3. Effective goals can be visualized. Picture yourself reaching your goal. Picture the result, the moment, and your feelings. Much of our energy for reaching goals comes from a desire to attain them. Usually, the more you desire something, the harder you will work toward achieving it. For example, a sales rep has won several awards. He accomplishes his extraordinary sales goals by visualizing his reward of receiving the plaque and winning the trip each year. He says, "I can see myself walking across the stage, being congratulated by the CEO, and enjoying my moment in the spotlight. When I'm having a slow day, I just visualize the result that I want, and it renews my energy."
Victor Frankl is a Viennese psychologist and survivor of a World War II concentration camp. In his book Man's Search for Meaning, Frankl describes people who were able to visualize their goals for living and, consequently, were able to withstand the tortures of their circumstances. He maintains that people who had no purpose died quickly; those who kept an eye on their goals were more likely to survive.

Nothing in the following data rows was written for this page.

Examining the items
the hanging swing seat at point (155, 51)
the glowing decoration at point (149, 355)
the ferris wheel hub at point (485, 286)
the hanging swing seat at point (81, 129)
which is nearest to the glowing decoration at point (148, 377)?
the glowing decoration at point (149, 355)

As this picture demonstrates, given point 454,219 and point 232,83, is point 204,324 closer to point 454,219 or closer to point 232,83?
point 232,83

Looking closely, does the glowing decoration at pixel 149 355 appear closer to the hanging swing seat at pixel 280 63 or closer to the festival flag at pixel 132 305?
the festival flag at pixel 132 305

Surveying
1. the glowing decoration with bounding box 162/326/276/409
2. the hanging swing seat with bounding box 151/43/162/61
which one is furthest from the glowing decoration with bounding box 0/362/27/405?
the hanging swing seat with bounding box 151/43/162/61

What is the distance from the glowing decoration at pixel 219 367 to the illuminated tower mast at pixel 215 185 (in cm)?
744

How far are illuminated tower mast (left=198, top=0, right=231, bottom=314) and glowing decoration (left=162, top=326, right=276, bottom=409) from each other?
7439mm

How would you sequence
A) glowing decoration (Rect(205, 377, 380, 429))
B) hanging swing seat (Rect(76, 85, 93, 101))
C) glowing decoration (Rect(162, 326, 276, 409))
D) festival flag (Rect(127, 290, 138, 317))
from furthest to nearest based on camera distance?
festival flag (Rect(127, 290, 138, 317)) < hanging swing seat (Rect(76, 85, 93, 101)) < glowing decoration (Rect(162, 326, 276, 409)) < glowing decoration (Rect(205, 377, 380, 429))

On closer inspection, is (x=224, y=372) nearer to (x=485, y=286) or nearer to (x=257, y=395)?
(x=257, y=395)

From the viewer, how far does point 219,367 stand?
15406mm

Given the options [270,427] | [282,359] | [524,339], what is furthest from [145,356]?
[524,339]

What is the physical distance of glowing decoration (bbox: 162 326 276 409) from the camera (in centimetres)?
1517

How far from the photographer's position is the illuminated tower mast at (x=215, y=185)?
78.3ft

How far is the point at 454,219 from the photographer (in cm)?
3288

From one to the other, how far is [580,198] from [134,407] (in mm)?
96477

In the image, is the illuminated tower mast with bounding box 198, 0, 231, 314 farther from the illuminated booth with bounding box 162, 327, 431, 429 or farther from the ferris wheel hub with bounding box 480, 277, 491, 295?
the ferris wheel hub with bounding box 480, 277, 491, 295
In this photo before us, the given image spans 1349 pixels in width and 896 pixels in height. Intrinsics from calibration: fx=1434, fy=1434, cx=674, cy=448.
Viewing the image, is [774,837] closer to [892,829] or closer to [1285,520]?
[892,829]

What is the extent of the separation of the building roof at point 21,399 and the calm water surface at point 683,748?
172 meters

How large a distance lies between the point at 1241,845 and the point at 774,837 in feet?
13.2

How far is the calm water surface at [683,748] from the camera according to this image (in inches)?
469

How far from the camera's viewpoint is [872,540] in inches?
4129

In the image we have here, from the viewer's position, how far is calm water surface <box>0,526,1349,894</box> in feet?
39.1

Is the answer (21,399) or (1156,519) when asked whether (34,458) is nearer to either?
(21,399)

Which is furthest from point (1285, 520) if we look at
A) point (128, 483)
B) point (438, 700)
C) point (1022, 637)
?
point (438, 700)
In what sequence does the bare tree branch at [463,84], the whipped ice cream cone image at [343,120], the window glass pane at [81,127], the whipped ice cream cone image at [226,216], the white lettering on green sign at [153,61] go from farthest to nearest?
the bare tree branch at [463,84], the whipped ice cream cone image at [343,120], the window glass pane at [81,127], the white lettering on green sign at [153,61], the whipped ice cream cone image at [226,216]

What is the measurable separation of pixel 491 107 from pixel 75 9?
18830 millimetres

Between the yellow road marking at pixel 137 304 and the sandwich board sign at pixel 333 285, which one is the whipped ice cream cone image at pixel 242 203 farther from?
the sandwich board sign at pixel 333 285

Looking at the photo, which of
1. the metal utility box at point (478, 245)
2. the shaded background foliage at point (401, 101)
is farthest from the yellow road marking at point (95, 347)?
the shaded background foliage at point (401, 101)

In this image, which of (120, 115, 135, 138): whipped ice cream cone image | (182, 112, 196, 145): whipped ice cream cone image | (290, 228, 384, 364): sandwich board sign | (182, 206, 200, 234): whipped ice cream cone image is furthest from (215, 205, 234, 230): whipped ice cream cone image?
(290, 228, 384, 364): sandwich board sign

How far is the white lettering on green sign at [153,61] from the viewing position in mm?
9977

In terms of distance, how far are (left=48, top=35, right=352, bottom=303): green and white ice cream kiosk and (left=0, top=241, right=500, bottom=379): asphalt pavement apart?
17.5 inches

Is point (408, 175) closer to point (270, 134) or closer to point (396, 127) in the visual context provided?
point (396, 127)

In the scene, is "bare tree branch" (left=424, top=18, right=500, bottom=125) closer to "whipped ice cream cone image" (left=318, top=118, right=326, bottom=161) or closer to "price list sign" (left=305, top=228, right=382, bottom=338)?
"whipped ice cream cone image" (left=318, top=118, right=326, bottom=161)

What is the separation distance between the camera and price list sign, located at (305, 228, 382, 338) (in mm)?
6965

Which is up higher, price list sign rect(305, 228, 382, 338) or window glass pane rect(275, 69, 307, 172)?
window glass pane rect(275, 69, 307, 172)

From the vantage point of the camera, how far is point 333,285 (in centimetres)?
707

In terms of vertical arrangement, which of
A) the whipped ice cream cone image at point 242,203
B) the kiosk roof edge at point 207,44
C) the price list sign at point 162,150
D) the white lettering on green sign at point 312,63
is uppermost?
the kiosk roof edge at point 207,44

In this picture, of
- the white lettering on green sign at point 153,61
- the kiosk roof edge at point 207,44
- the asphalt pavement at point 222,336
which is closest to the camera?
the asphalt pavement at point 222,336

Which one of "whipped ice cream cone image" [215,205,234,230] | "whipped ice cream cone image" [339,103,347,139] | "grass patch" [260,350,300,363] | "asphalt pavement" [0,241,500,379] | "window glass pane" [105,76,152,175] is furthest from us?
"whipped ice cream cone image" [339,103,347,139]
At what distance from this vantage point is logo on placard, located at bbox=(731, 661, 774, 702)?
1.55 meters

4. Effective goals are achievable. Goals need to challenge your skills and abilities, without discouraging your effort and performance. For example, when initially implementing a quality management program, companies do not usually target the highly acclaimed and highly competitive Malcolm Baldrige National Quality Award as their first goal. Instead, they establish less stringent quality goals at first so that work teams can experience success in reaching those more realistic goals. As competency, success, and confidence grow, work teams may then decide to stretch for the higher goal.

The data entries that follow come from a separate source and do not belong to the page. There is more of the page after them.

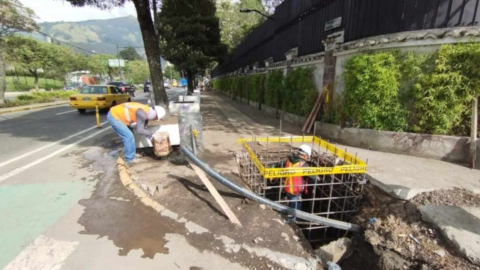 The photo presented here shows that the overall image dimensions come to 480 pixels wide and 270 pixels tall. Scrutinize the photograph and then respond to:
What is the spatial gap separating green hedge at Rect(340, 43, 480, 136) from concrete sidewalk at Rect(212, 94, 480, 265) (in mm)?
774

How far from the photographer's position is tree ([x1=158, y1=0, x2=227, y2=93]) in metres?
19.1

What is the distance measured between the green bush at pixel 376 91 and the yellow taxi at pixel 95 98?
11.0m

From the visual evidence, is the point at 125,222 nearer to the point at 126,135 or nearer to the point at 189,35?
the point at 126,135

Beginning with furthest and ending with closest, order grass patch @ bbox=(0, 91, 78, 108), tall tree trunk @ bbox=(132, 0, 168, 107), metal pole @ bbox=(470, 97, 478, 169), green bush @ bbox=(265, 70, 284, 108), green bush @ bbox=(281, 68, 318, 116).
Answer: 1. grass patch @ bbox=(0, 91, 78, 108)
2. green bush @ bbox=(265, 70, 284, 108)
3. tall tree trunk @ bbox=(132, 0, 168, 107)
4. green bush @ bbox=(281, 68, 318, 116)
5. metal pole @ bbox=(470, 97, 478, 169)

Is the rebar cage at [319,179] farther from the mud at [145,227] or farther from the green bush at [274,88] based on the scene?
the green bush at [274,88]

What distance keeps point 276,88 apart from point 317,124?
13.7ft

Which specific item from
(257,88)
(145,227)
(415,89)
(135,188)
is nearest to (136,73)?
(257,88)

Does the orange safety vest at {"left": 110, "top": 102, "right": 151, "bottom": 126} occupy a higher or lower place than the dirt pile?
higher

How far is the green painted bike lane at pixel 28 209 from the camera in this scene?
281cm

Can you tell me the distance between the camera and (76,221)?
3260mm

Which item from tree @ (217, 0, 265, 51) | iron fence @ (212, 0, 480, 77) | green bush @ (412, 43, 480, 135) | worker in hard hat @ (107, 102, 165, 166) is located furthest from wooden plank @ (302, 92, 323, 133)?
tree @ (217, 0, 265, 51)

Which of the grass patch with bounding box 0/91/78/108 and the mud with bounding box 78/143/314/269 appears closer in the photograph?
the mud with bounding box 78/143/314/269

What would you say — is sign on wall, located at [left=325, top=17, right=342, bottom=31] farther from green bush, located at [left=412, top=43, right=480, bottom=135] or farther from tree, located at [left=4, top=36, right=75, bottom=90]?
tree, located at [left=4, top=36, right=75, bottom=90]

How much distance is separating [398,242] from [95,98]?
45.5ft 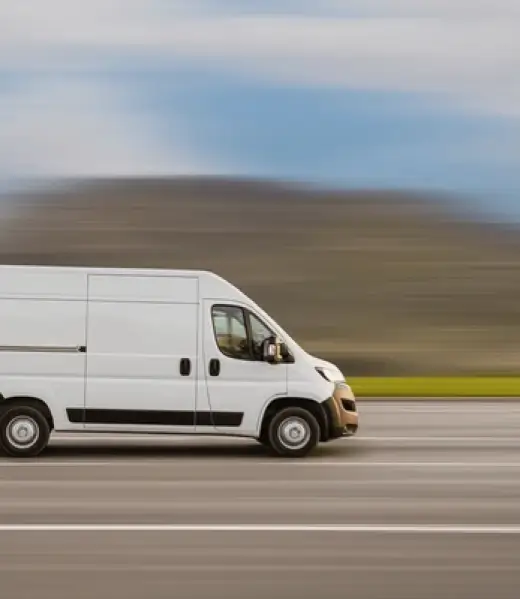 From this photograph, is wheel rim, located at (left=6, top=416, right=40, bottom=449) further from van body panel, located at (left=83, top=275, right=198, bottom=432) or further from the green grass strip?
the green grass strip

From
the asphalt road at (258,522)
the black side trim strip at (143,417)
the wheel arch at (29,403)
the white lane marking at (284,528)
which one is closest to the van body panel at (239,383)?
the black side trim strip at (143,417)

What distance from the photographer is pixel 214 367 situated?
47.0ft

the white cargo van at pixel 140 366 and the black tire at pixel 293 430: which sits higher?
the white cargo van at pixel 140 366

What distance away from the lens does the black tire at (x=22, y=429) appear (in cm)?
1406

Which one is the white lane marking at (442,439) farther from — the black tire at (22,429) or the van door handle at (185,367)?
the black tire at (22,429)

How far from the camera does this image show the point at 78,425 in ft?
46.6

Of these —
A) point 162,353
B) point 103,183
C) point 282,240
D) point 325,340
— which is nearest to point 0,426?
point 162,353

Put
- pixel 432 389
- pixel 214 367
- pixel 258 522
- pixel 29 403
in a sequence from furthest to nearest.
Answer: pixel 432 389 → pixel 214 367 → pixel 29 403 → pixel 258 522

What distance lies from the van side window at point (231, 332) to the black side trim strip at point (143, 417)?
702 millimetres

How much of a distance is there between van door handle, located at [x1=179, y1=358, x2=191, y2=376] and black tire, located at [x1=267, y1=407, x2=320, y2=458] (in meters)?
1.04

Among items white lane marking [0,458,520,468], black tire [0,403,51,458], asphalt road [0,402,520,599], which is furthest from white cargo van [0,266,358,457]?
white lane marking [0,458,520,468]

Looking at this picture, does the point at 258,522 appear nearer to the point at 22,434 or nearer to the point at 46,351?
the point at 22,434

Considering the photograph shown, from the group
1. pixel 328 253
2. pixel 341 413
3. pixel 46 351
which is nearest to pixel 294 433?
→ pixel 341 413

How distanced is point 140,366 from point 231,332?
1.06m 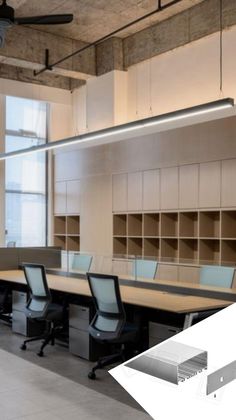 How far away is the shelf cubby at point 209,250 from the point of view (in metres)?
7.92

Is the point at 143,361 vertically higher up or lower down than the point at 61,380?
higher up

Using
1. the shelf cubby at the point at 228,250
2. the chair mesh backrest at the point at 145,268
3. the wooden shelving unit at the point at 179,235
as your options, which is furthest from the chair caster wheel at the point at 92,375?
the shelf cubby at the point at 228,250

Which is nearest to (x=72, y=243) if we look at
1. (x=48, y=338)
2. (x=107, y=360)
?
(x=48, y=338)

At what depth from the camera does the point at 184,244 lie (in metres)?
8.30

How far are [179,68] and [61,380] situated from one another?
5984mm

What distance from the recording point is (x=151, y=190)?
28.3ft

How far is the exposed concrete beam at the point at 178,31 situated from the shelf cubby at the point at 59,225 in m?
3.69

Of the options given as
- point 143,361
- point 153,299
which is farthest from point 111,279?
point 143,361

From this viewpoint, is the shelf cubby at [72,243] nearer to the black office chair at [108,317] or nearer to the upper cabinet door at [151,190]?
the upper cabinet door at [151,190]

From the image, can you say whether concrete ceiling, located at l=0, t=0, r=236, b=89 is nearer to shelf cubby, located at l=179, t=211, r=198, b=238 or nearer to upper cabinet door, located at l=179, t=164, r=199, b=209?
upper cabinet door, located at l=179, t=164, r=199, b=209

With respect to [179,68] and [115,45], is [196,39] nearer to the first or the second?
[179,68]

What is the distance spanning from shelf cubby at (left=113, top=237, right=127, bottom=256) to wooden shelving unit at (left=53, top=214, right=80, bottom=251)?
1.33 meters

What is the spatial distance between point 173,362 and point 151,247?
7.70m

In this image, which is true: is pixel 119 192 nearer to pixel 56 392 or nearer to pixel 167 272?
pixel 167 272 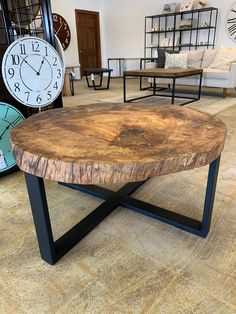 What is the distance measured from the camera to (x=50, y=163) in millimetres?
741

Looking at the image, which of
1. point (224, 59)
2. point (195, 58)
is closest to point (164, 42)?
point (195, 58)

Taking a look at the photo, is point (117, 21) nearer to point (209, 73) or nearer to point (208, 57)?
point (208, 57)

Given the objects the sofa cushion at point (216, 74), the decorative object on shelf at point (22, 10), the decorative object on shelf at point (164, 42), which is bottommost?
the sofa cushion at point (216, 74)

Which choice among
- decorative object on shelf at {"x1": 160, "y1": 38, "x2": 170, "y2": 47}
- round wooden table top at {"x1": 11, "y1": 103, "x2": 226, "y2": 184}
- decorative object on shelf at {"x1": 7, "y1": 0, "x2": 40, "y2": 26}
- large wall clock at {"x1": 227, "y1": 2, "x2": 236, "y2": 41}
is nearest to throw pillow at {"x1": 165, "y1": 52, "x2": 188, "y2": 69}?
large wall clock at {"x1": 227, "y1": 2, "x2": 236, "y2": 41}

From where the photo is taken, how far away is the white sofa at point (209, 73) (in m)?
4.27

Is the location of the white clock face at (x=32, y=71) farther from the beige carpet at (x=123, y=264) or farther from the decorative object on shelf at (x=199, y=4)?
the decorative object on shelf at (x=199, y=4)

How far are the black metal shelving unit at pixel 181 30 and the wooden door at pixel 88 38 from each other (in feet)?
6.28

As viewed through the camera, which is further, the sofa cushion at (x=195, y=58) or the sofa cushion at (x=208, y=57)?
the sofa cushion at (x=195, y=58)

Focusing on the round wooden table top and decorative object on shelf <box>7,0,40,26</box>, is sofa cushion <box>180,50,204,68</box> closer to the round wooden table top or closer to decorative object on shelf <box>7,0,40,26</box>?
decorative object on shelf <box>7,0,40,26</box>

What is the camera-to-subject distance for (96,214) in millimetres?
1351

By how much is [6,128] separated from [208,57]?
468 centimetres

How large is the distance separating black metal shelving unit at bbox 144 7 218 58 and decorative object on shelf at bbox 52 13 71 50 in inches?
97.5

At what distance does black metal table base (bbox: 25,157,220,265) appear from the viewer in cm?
96

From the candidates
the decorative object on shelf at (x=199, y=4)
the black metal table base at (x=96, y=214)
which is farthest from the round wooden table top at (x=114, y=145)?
the decorative object on shelf at (x=199, y=4)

5. Effective goals have realistic deadlines. Goals need a schedule. You are more likely to take action when you set a realistic time frame for accomplishing your goal. Schedule enough time to reach the goal, but not so much time that you lose interest in it. How many people have you heard say they need a vacation from their work but don't get around to taking one? A far higher percentage of people meet their goal when they record their specific intentions. "I will plan a vacation for the second week in March and arrangements will be settled by January 15."
6. Effective goals are manageable. Sometimes a goal can seem overwhelming because of its size. But if it is divided into smaller components, then it becomes easier to manage and is achievable. To hear your boss say that he wants you to open seventy-two accounts this year may sound unrealistic, but if you think of it in terms of six accounts each month, then the goal is more manageable.
7. Effective goals are analyzed for their potential problems. As you establish a goal, consider the steps you must take to accomplish it. Analyze the goal for potential problems that might keep you from reaching it. If a goal initially is considered in terms of what could go wrong, then you can take action to resolve or minimize problems before they occur. Critical thinking helps you cover all the angles and stay on the path toward achieving your goal.